Dr Marcel Gehrung, based at the Cancer Research UK Cambridge Institute, who spent his PhD on the study and set up a spin-out company called Cyted from the work, said:
A major bottleneck for scaling Cytosponge to test large patient populations is the time it takes for a pathologist to analyse the samples, which has several time-consuming steps. By semi-automating this process, we hope to reduce workload and give pathologists the space and time to analyse the more challenging samples, where a diagnosis is less clear cut, and their experience is unparalleled.
Professor Rebecca Fitzgerald, who is based in the University's MRC Cancer Unit and co-leads the CRUK Cambridge Centre Early Detection Programme, developed the Cytosponge test and worked with the AI team. She said:
We know that late stage oesophageal cancer is far more difficult to treat than when detected at an early stage.
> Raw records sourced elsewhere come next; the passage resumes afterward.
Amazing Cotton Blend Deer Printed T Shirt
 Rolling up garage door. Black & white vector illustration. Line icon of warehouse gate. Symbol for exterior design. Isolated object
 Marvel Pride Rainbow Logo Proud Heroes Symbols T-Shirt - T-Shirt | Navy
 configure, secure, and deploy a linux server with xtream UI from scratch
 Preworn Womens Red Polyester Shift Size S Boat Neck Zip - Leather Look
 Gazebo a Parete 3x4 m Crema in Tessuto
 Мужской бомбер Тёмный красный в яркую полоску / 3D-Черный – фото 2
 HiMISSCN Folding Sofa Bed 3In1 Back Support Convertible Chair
Using Cytosponge to help identify those at increased risk of the disease could make a huge difference in the outlook for these patients, and this multidisciplinary approach of using artificial intelligence in partnership with pathologists could help speed up diagnoses and help make this a reality.
Michelle Mitchell, chief executive of Cancer Research UK said:
Pathologists play a key role in diagnosis, but like so many other areas of the NHS, they have been seriously impacted by a lack of investment in workforce over the years. Research such as this, exploring how to support pathologists in their vital work through new technology and innovations is vital, as is long term investment and planning of the cancer workforce.
As further work using the algorithm progresses, the researchers say as a deep learning tool it will continue to evolve, and become even more accurate in its definition of triage classes. Researchers also say the technology could also potentially be applied to other conditions including pancreatic, thyroid and bowel cancer.